L’idée clé de ces paradis fiscaux ou univers délocalisés est d’afficher une façade respectable, qui repose sur un savant mélange de stabilité et de mouvement. En façade, on affiche la stabilité : un lieu propice aux affaires, une monnaie qui inspire confiance, des entreprises pouvant se former et se reformer à loisir, un univers où la parole d’une personne l’engage et où l'on trouve un cadre juridique stable, où les banques ne font pas faillite et n’ont pas à répondre d’accusations de fraudes. Parallèlement, la mobilité garantit que l’argent peut entrer et sortir en toute sécurité de l’île au trésor, que les gens peuvent aller et venir. Cela suppose à la fois des communications absolument sûres et de bons systèmes de transport. On dit généralement que la Suisse est le meilleur exemple de façade respectable.

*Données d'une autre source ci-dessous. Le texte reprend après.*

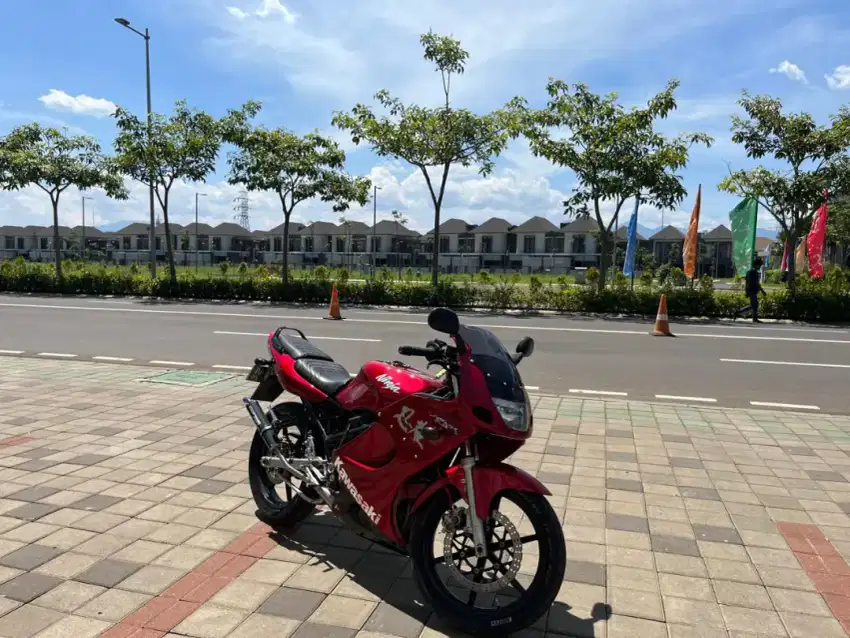 NINJA RR 2011 STD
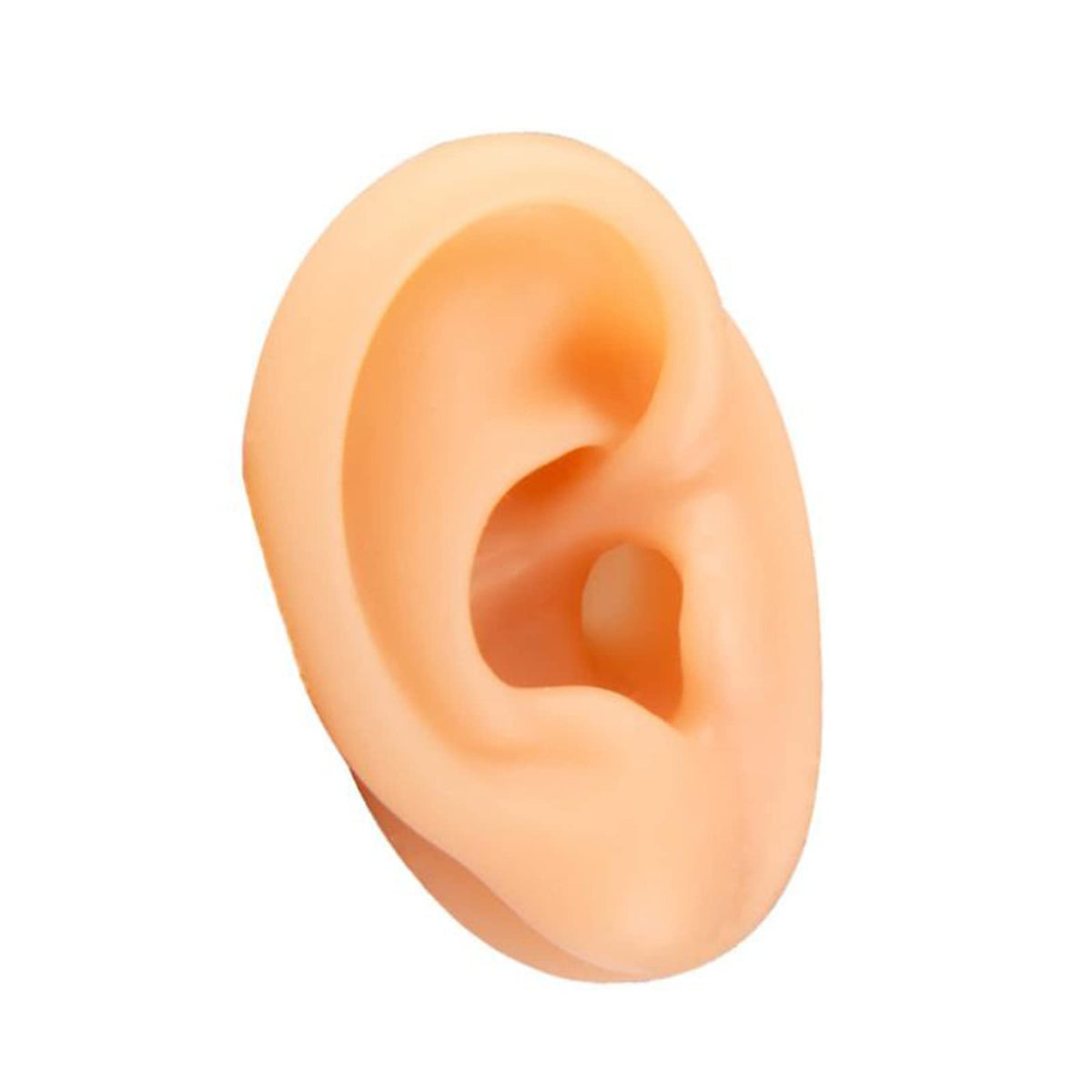 Practice Soft Silicone Ear Piercing Model – Tattoo Gizmo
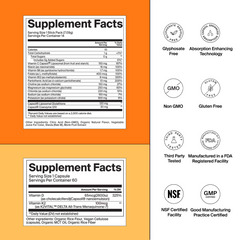 GLP-1 Nutrient Support Stack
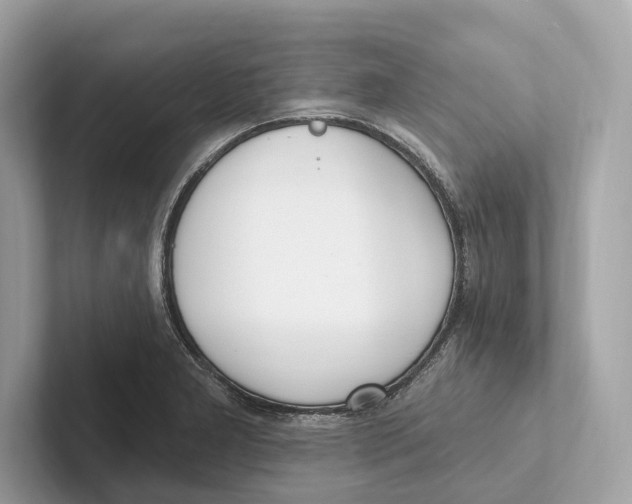 X0000100911277200807220943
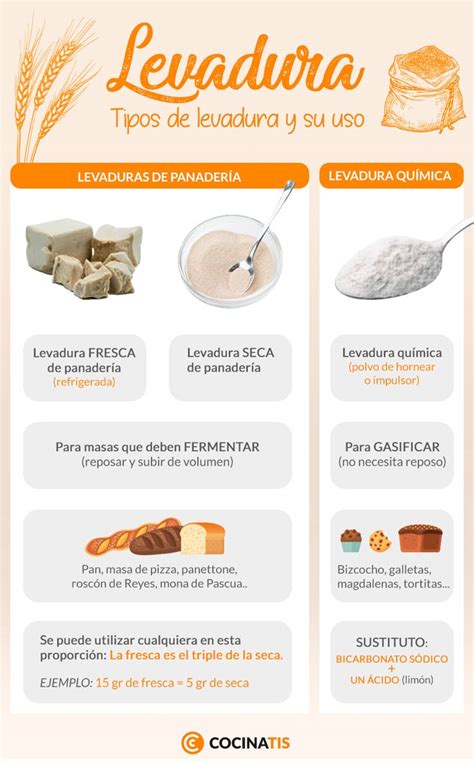 Tipos de levadura de panadero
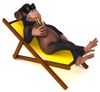 lazymonkey.jpg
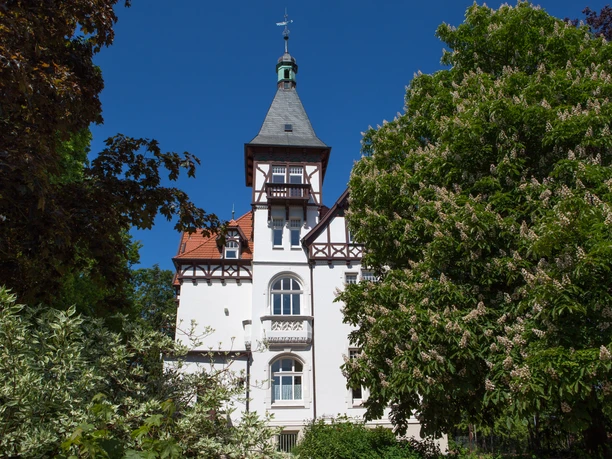 Museum Villa Stahmer in Georgsmarienhütte Historische Villa des Museum Villa Stahmer, umgeben von Parkanlage und altem Baumbestand.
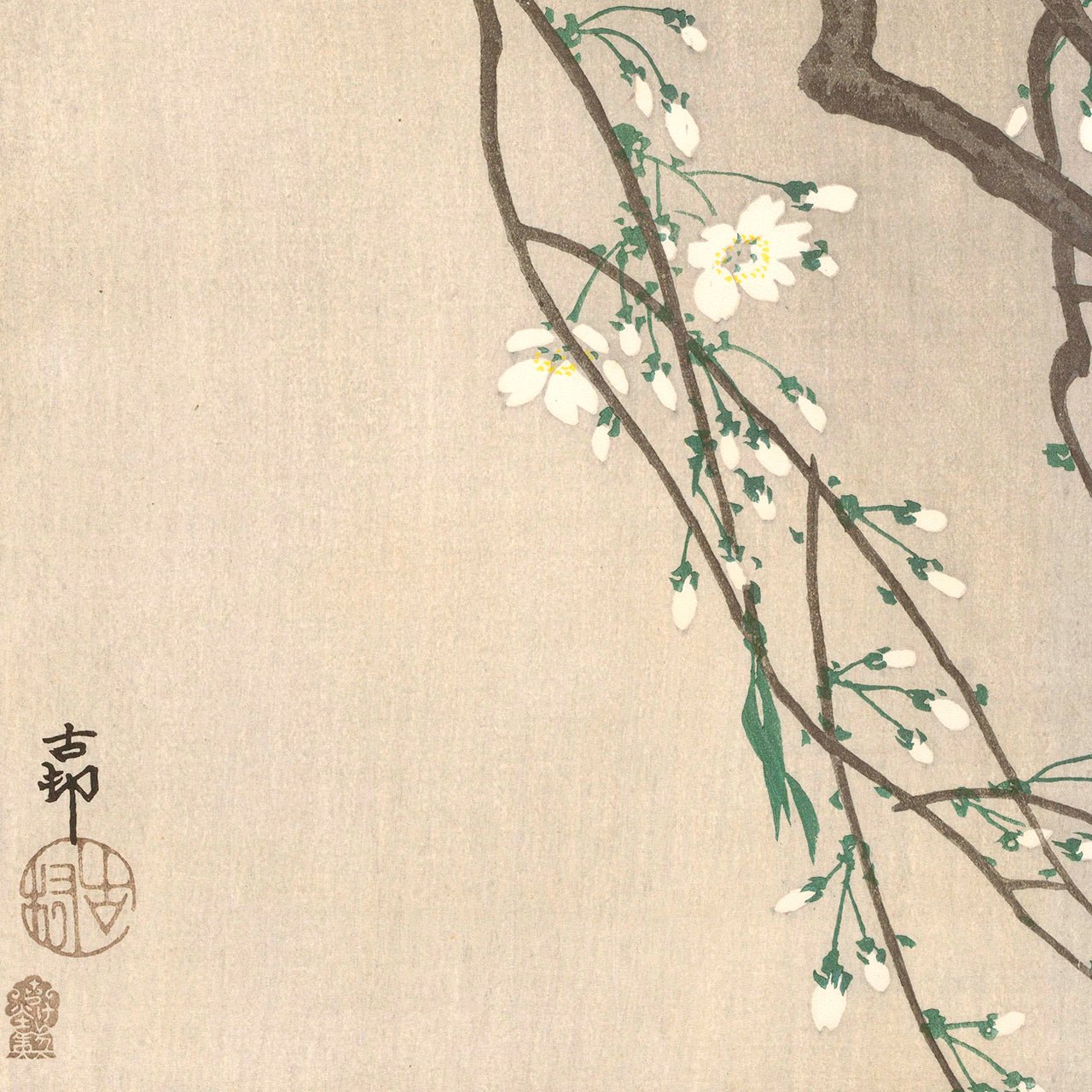 Tits on Cherry Branch - Japonica Graphic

La démocratie dépend de la relocalisation

La question se pose donc de savoir à quoi ressemblera le XXIe siècle. Ce règne des délocalisations va-t-il se maintenir ? Peut-être n’a-t-on encore rien vu des formes et de l’ampleur que revêtiront ces univers extraterritoriaux, ni de leurs répercussions. Nous pouvons donc imaginer un avenir où les délocalisations seraient plus extrêmes encore. Une autre variante serait le rejet massif et systématique des univers offshores, faisant entrevoir la nécessité d’un rapatriement général. Ici et là, on observe des petits îlots composant un archipel potentiel de relocalisations, de même que des campagnes militant pour le rapatriement ou le « onshore » : rapatriement d'imposition, des flux de déchets, des biens manufacturés, des capitaux et même, dans une certaine mesure, de la démocratie. Il est extrêmement difficile de comprendre comment un pays peut être démocratique sans que l’essentiel des ressources produites sur son sol y soient localisées ou rapatriées, y soient soumises à la transparence, fassent l’objet d’un débat public et de l'exercice d'un contrôle sur ces formes de revenus et d'activités.

Mobilité

Pour le Forum Vies Mobiles, la mobilité est entendue comme la façon dont les individus franchissent les distances pour déployer dans le temps et dans l’espace les activités qui composent leurs modes de vie. Ces pratiques de déplacements sont enchâssées dans des systèmes socio-techniques produits par des industries, des techniques de transport et de communication et des discours normatifs. Cela implique des impacts sociaux, environnementaux et spatiaux considérables, ainsi que des expériences de déplacements très diverses.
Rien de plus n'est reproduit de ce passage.